··· Task material

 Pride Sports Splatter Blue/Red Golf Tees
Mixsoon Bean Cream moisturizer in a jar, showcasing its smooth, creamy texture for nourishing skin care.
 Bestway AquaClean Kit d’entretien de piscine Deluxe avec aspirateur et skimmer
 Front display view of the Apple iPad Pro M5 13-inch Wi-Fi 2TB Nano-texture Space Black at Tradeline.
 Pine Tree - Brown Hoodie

······
··· Task material

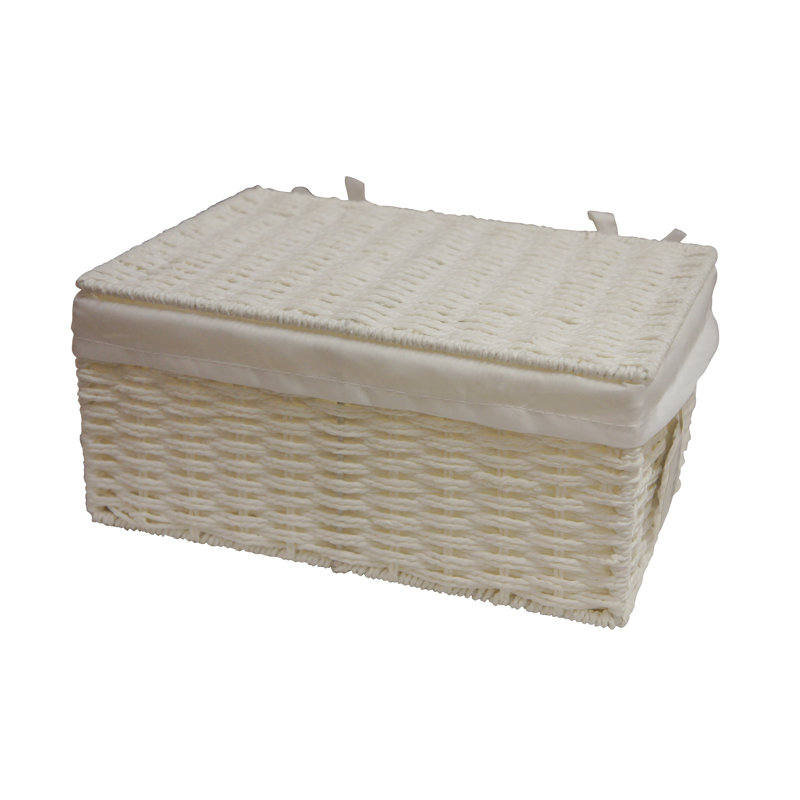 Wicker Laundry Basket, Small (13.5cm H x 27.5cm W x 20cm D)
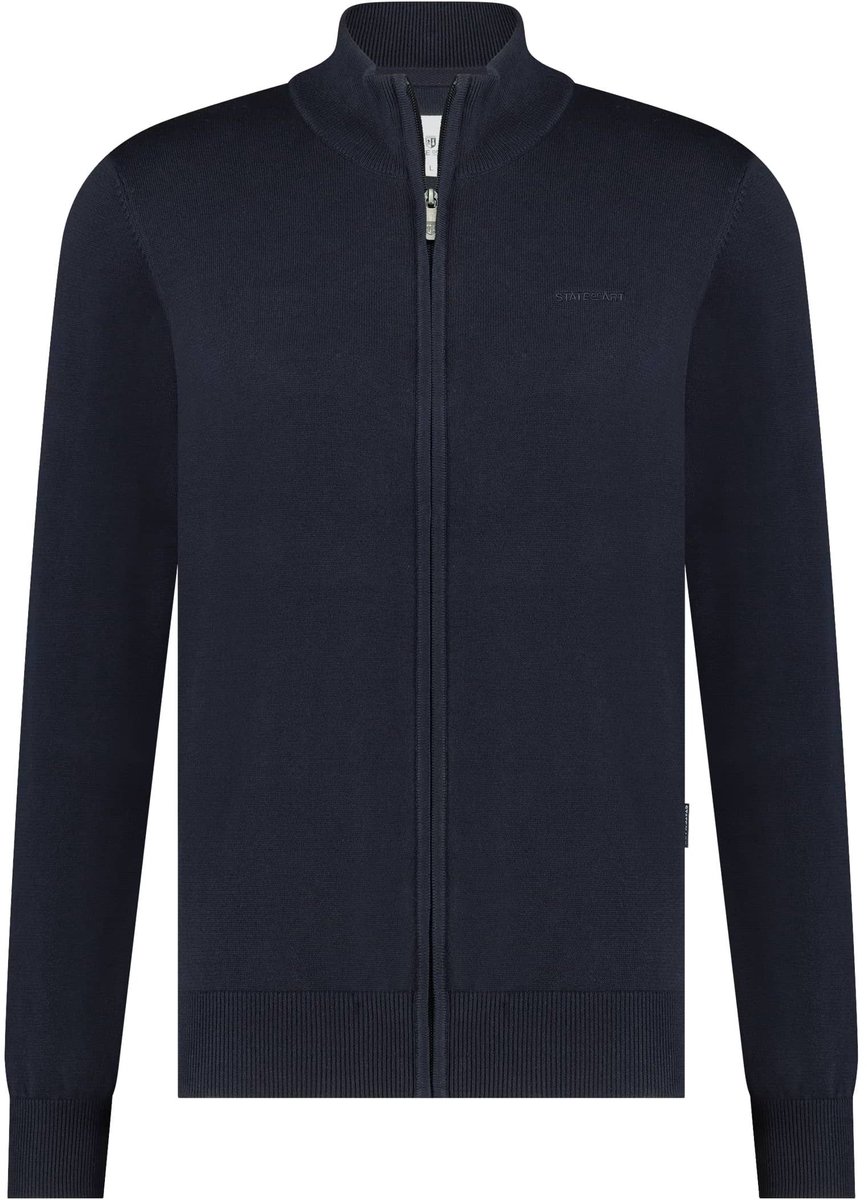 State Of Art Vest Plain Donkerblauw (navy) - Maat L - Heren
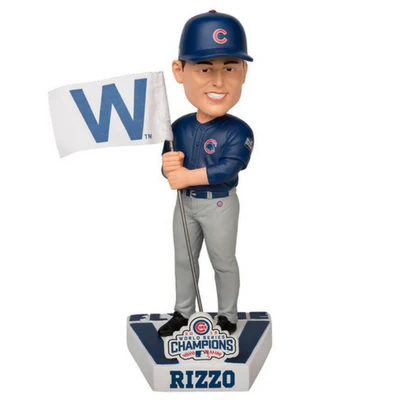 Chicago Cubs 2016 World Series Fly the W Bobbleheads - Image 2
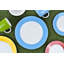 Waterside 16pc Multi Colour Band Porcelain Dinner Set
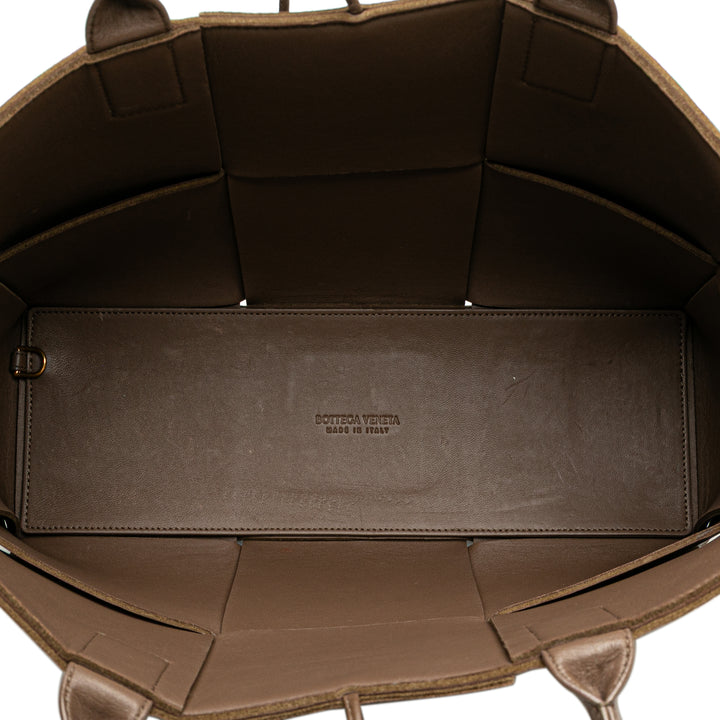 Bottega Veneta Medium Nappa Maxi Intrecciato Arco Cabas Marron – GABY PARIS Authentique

······

What is expected. Of the lines above, output exactly those from the line bearing "Pride Sports Splatter Blue/Red Golf Tees" through the line bearing "Pine Tree - Brown Hoodie", inclusive.

Result below.
 Pride Sports Splatter Blue/Red Golf Tees
Mixsoon Bean Cream moisturizer in a jar, showcasing its smooth, creamy texture for nourishing skin care.
 Bestway AquaClean Kit d’entretien de piscine Deluxe avec aspirateur et skimmer
 Front display view of the Apple iPad Pro M5 13-inch Wi-Fi 2TB Nano-texture Space Black at Tradeline.
 Pine Tree - Brown Hoodie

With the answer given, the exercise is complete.